Core Kuaishou scenarios . Real‑time metrics for executives and C‑end applications (e.g., Kuaishou Shop, Creator Center) require extremely high data precision and immediate issue detection.
These factors form the necessity of Kuaishou’s real‑time warehouse construction and assurance.
In the initial assurance stage, Kuaishou borrowed offline assurance processes and divided the lifecycle into three phases: development, production, and service.
Development phase : Established model design standards, development standards, and a release checklist.
Production phase : Built low‑level monitoring for timeliness, stability, and accuracy, and optimized SLA based on monitoring.
Service phase : Defined upstream service standards, assurance levels, and value evaluation.
Compared with offline, real‑time faces higher learning costs and several unresolved issues:
Development phase : Flink SQL has a steeper learning curve than Hive SQL, and handling traffic spikes in real‑time is uncertain; DWD layer duplicate consumption also stresses resources.
Production phase : State lacks cleanup mechanisms, leading to state growth and frequent job failures; high‑ and low‑priority deployments require data‑center isolation, increasing cost.
Service phase : Real‑time job failures or restarts cause data duplication or loss, requiring standardized solutions unlike offline where consistency is easier.
Key real‑time assurance challenges include high timeliness, complexity, massive data flow, random problem occurrence, and uneven development capabilities.
2. Kuaishou Real‑Time Warehouse Assurance Architecture
To address the above difficulties, two complementary approaches are designed: a forward assurance based on the development lifecycle and a reverse assurance based on fault injection and scenario simulation.
2.1 Forward Assurance
Overall forward assurance flow:
Development stage : Conduct requirement research and standardize both foundational and application‑level development, covering 80% of common needs; the remaining 20% are handled via solution reviews and gradually standardized.
Testing stage : Perform quality verification, offline‑real‑time consistency comparison, and stress‑test resource estimation.
Release stage : Prepare pre‑release plans, confirm pre‑deployment actions, deployment methods, and post‑deployment inspection mechanisms.
Service stage : Implement monitoring and alarm mechanisms to keep services within SLA.
Decommission stage : Reclaim resources and restore deployments.
Kuaishou’s real‑time warehouse consists of three layers:
DWD layer : Stable logic with three data formats (client, server, binlog).

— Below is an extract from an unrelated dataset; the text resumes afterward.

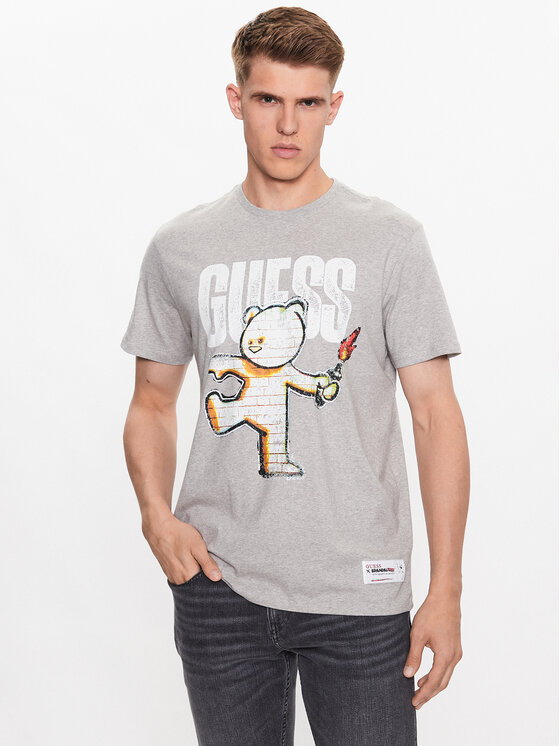 T-Shirt Guess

Operations include scene splitting (generating sub‑topics), field standardization (dimension cleaning, dirty data filtering, IP‑lat/long mapping), and dimension association (using KV storage with secondary cache).
DWS layer : Provides dimension‑ and minute‑window aggregation for downstream reuse and single‑entity granularity data to reduce DWD pressure; also performs dimension expansion.

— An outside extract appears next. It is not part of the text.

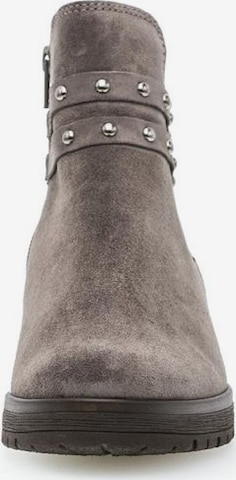 GABOR Booties in Grey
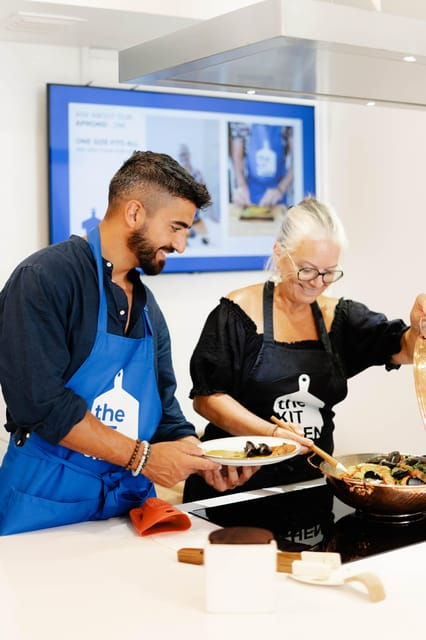 Portuguese Cooking Class: Algarves Pork & Seafood Cataplana - The Sum Up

ADS layer : Multi‑dimensional aggregation based on DWD and DWS outputs.
To meet activity metric requirements (e.g., per‑minute cumulative curves), Kuaishou developed a progressive window solution with a day‑level window and minute‑level output. Data are partitioned by key, watermarks advance, and small windows emit bitmap and PV calculations, ensuring late or out‑of‑order data are retained, reducing data discrepancy from 1% to 0.5% and keeping latency within one minute.
2.2 Reverse Assurance
Since online activity testing cannot fully simulate production load, reverse assurance focuses on stress testing and fault injection.
Stress testing involves single‑job benchmarks to determine resource distribution and full‑link tests to ensure cluster resources stay within safe thresholds while handling peak traffic.

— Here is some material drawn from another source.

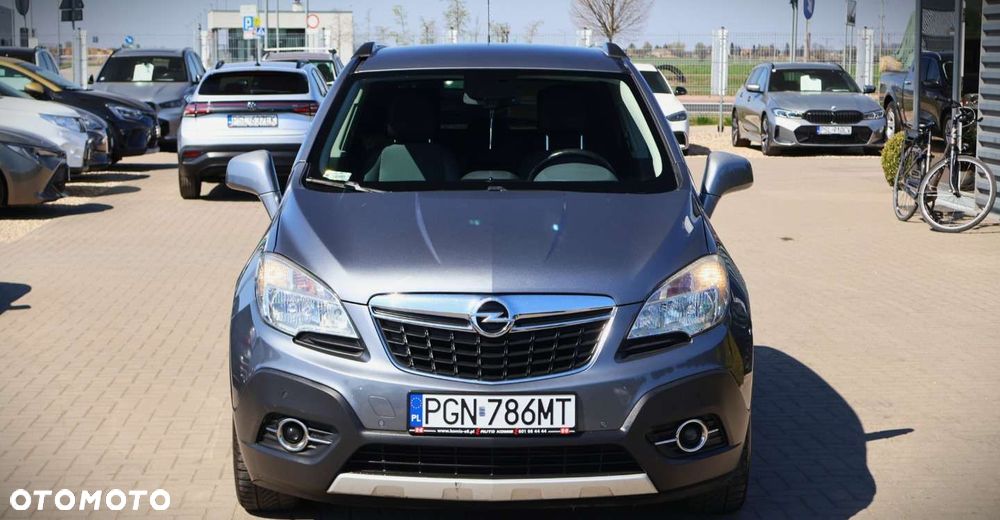 Opel Mokka - 10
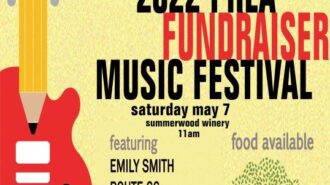 PREA fundraiser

Fault injection covers single‑job failures (Kafka topic, Flink job, Flink job checkpoint) and systemic failures (link failure, data‑center outage, extreme traffic spikes, prolonged lag). Disaster recovery includes dual‑data‑center Kafka replication, hot‑standby Flink deployments, and automatic traffic switching.
Capacity assurance uses benchmarked maximum ingress rates as throttling limits; when traffic exceeds expectations, source throttling protects downstream jobs, and lag recovery time is estimated from observed lag and ingress rates.
3. Spring Festival Real‑Time Assurance Practice
Key requirements: high stability, high timeliness (second‑level dashboard latency, minute‑level curve latency), high accuracy (offline‑real‑time deviation ≤0.5%), and high flexibility for multi‑dimensional analysis.
Forward measures include a monitoring‑alarm system covering timeliness, accuracy, and stability SLA targets, plus link‑level monitoring of tasks, services, and cluster resources. Standardized development (80% via templates), testing (offline‑real‑time consistency), and staged deployment with task inspection are applied.
Reverse measures consist of progressive window development, single‑job and full‑link stress tests, and disaster‑recovery mechanisms (dual‑data‑center deployment, throttling, retry, degradation). Fault drills simulate component failures and traffic peaks to validate the effectiveness of the safeguards.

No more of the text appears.